These records are to be written out exactly as they read, minus the pictures.

[Task data Boundary: Start]

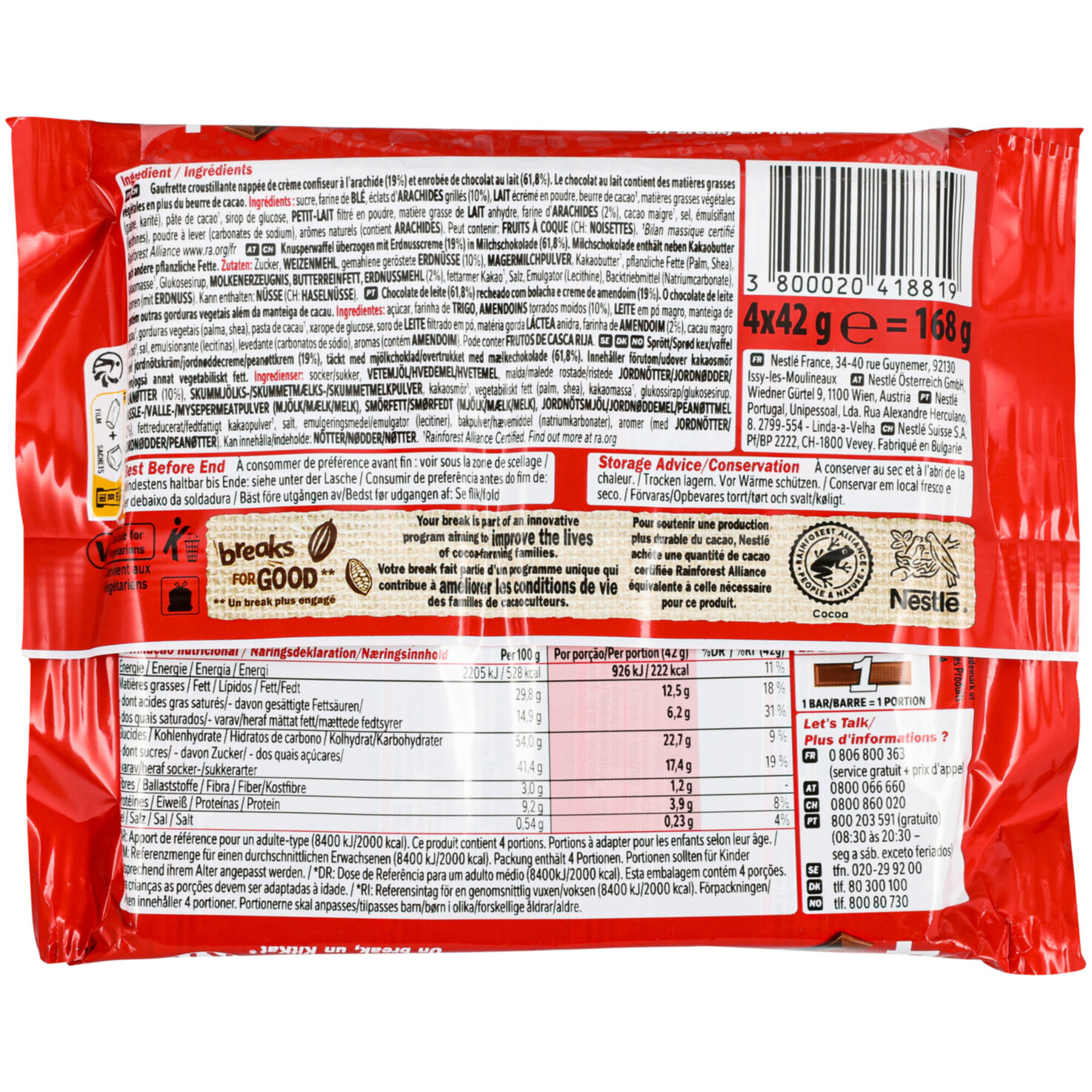 KitKat Chunky Erdnussbutter mit Milchschokolade 4x42g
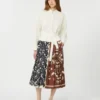 Vestido camisero de algodón estampado y sarga, blanco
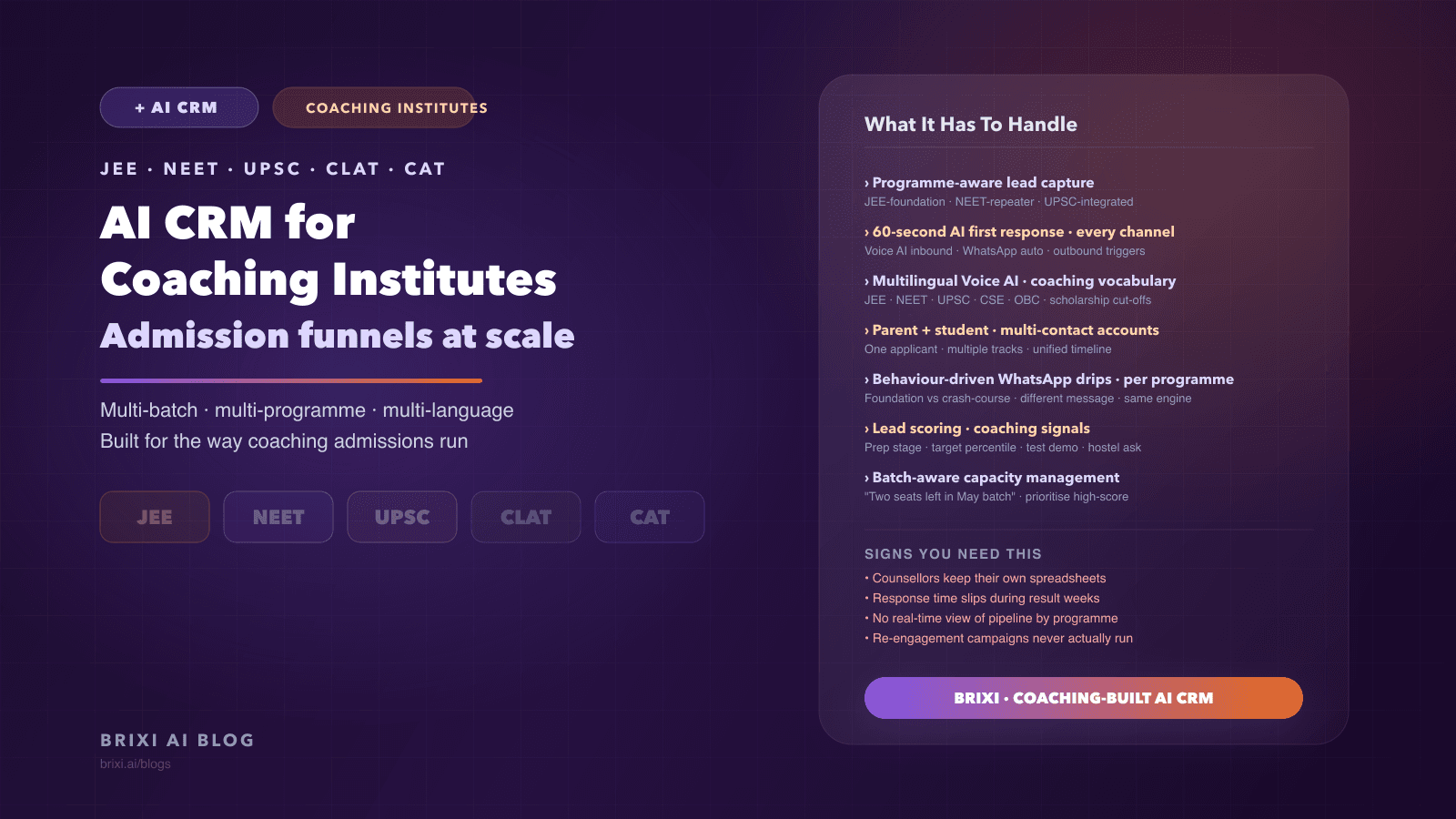 AI CRM for Coaching Institutes: JEE, NEET, and UPSC Admission Funnels at Scale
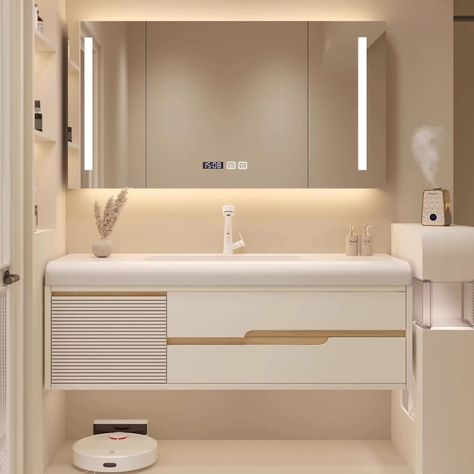 PRICES MAY VARY. Smart defogging mirror: Bathroom vanity using high-definition mirror, equipped with defogging function and LED lighting, uniquely shaped LED lights make the bathroom more stylish, more smarter and more convenient. Illuminate your beauty easily. Large capacity storage: The bathroom vanity is designed with multi-partition storage compartments, has a mirrored cabinet and two extra-large drawersso you can easily store and organize bathroom debris and reduce bathroom space occupation Floating Vanity Ideas Bathroom, Small Bathroom Sinks And Vanities, Wash Counter, Solid Wood Bathroom Vanity, Organize Bathroom, Partition Storage, Bathroom Big, Mirrored Cabinet, Small Bathroom Sinks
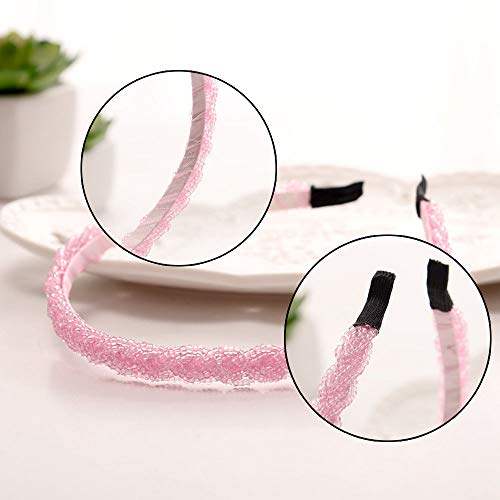 6 piezas de moda con cuentas de cristal trenzadas con diamantes de imitación de aro de diadema fina diadema accesorios para el cabello para mujeres y niñas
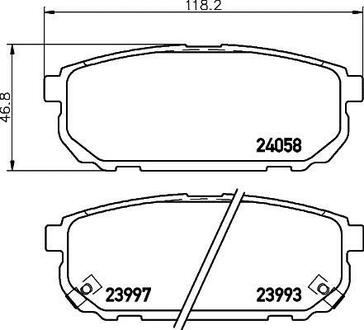 Колодки гальмівні задні Kia Sorento 02- (sumitomo) HELLA 8DB355010-871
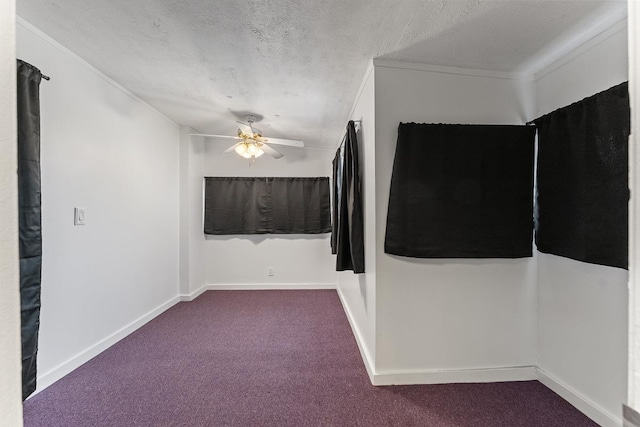 119 Kupalaiki Loop, Kihei, HI 96753 - spare room featuring ceiling fan, carpet flooring, a textured ceiling, crown molding, and baseboards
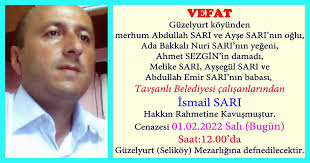 SARI AİLESİNE BAŞSAĞLIĞI DİLERİZ..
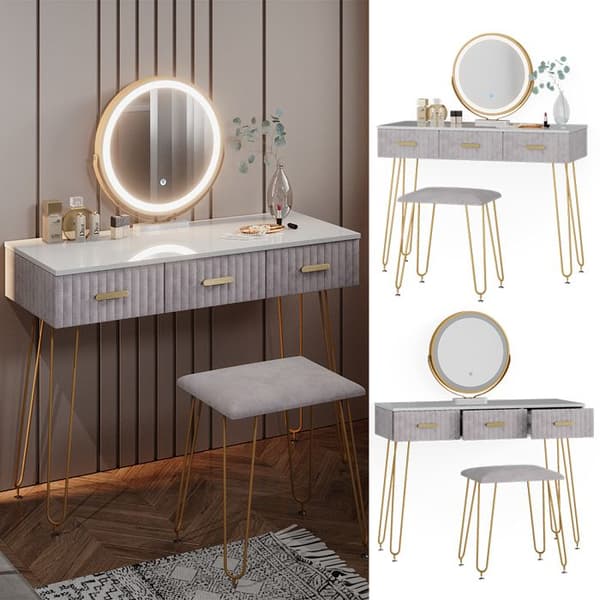 Vicco Layla sminkbord, Grå, 100 cm med LED-belysning och pall
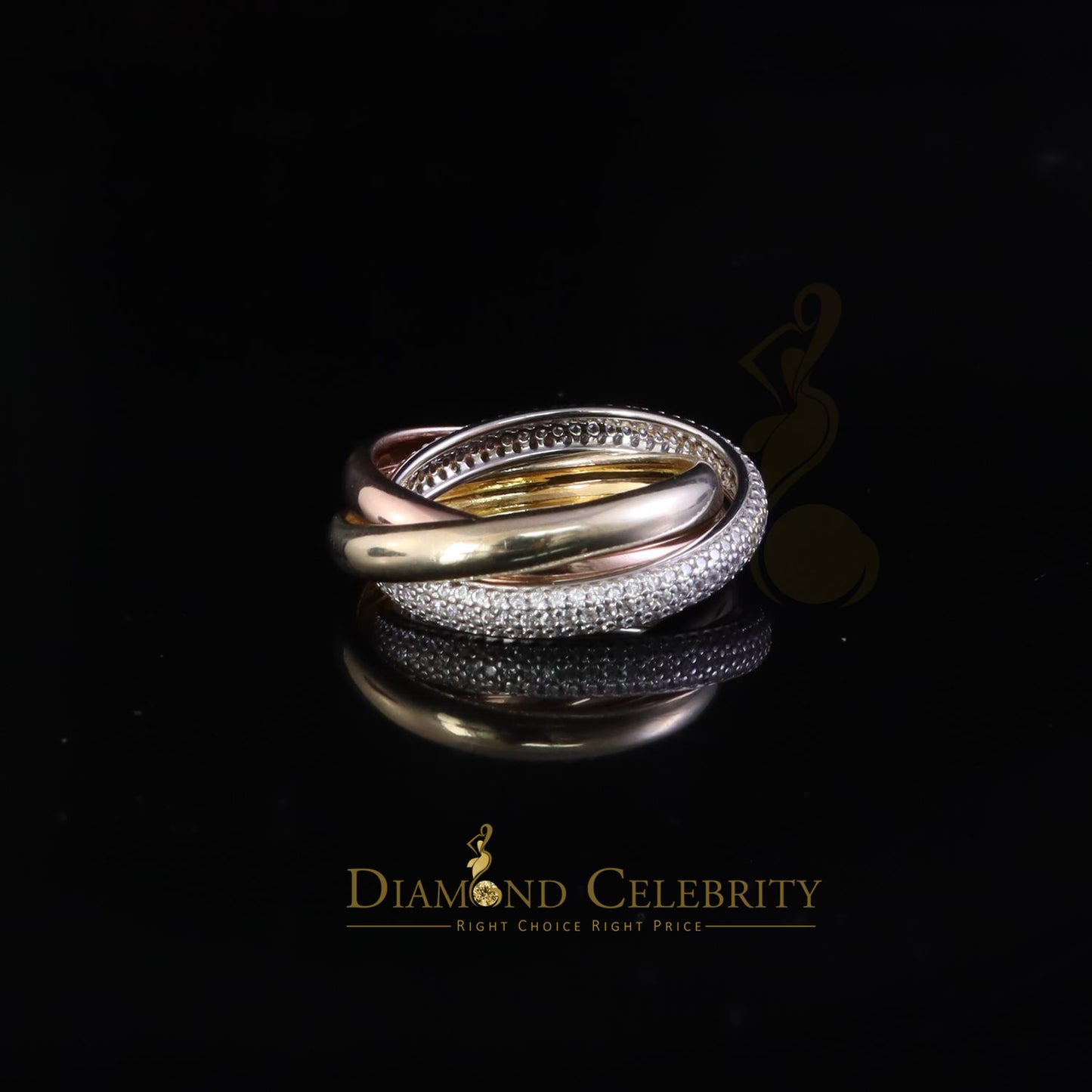 DiamondCelebritees 925 Silver And Cubic Zirconia White Round Shape With Women'sTrinity Ring Size 8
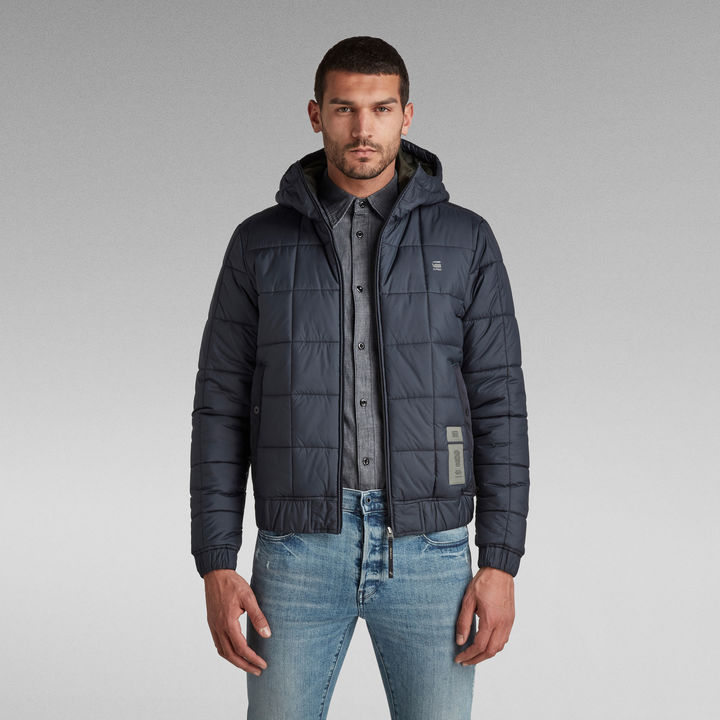 Meefic Square Quilted Hooded Jacket | Dark blue | G-STAR® US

[Task data Boundary: End]

--- Solution for this problem ---
 KitKat Chunky Erdnussbutter mit Milchschokolade 4x42g
 Vestido camisero de algodón estampado y sarga, blanco
 AI CRM for Coaching Institutes: JEE, NEET, and UPSC Admission Funnels at Scale
 PRICES MAY VARY. Smart defogging mirror: Bathroom vanity using high-definition mirror, equipped with defogging function and LED lighting, uniquely shaped LED lights make the bathroom more stylish, more smarter and more convenient. Illuminate your beauty easily. Large capacity storage: The bathroom vanity is designed with multi-partition storage compartments, has a mirrored cabinet and two extra-large drawersso you can easily store and organize bathroom debris and reduce bathroom space occupation Floating Vanity Ideas Bathroom, Small Bathroom Sinks And Vanities, Wash Counter, Solid Wood Bathroom Vanity, Organize Bathroom, Partition Storage, Bathroom Big, Mirrored Cabinet, Small Bathroom Sinks
 6 piezas de moda con cuentas de cristal trenzadas con diamantes de imitación de aro de diadema fina diadema accesorios para el cabello para mujeres y niñas
 Колодки гальмівні задні Kia Sorento 02- (sumitomo) HELLA 8DB355010-871
 119 Kupalaiki Loop, Kihei, HI 96753 - spare room featuring ceiling fan, carpet flooring, a textured ceiling, crown molding, and baseboards
 SARI AİLESİNE BAŞSAĞLIĞI DİLERİZ..
 Vicco Layla sminkbord, Grå, 100 cm med LED-belysning och pall
 DiamondCelebritees 925 Silver And Cubic Zirconia White Round Shape With Women'sTrinity Ring Size 8
 Meefic Square Quilted Hooded Jacket | Dark blue | G-STAR® US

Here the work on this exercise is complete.